- **Task statement**
The lines below starting at the line containing "Pescado Con Bambú Y Setas" and ending at the line containing "Knu School Suede" are to be repeated exactly, with both ends kept and nothing else added.

===== The data =====

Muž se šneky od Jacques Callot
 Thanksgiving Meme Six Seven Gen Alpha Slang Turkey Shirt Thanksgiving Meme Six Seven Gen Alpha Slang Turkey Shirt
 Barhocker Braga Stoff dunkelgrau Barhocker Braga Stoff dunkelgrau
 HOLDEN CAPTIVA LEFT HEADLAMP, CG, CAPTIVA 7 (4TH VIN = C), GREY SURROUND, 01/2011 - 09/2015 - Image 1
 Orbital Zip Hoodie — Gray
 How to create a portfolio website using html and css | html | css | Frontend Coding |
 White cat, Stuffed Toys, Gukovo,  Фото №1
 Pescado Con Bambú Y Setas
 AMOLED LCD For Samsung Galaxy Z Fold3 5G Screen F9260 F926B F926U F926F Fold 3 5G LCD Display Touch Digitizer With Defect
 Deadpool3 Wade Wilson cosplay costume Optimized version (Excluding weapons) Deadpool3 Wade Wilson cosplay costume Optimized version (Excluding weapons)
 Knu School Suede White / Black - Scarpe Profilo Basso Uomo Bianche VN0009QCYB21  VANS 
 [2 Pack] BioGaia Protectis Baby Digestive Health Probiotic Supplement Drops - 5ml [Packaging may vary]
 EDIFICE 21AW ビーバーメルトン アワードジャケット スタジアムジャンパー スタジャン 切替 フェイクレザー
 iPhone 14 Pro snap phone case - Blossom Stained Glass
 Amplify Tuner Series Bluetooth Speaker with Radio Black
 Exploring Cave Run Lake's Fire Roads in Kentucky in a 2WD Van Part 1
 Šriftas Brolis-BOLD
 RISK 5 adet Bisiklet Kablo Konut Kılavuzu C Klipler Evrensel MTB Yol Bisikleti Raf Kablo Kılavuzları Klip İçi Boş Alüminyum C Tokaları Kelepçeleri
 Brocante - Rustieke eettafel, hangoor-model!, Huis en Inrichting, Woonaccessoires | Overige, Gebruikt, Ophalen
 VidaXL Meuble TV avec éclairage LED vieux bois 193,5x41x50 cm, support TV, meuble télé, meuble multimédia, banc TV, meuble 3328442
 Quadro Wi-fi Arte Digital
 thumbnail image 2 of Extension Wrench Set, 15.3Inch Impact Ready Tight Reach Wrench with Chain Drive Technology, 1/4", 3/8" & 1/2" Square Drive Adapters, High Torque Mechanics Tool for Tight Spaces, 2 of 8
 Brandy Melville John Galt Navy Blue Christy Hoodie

=====

- **Exercise result**
 Pescado Con Bambú Y Setas
 AMOLED LCD For Samsung Galaxy Z Fold3 5G Screen F9260 F926B F926U F926F Fold 3 5G LCD Display Touch Digitizer With Defect
 Deadpool3 Wade Wilson cosplay costume Optimized version (Excluding weapons) Deadpool3 Wade Wilson cosplay costume Optimized version (Excluding weapons)
 Knu School Suede White / Black - Scarpe Profilo Basso Uomo Bianche VN0009QCYB21  VANS 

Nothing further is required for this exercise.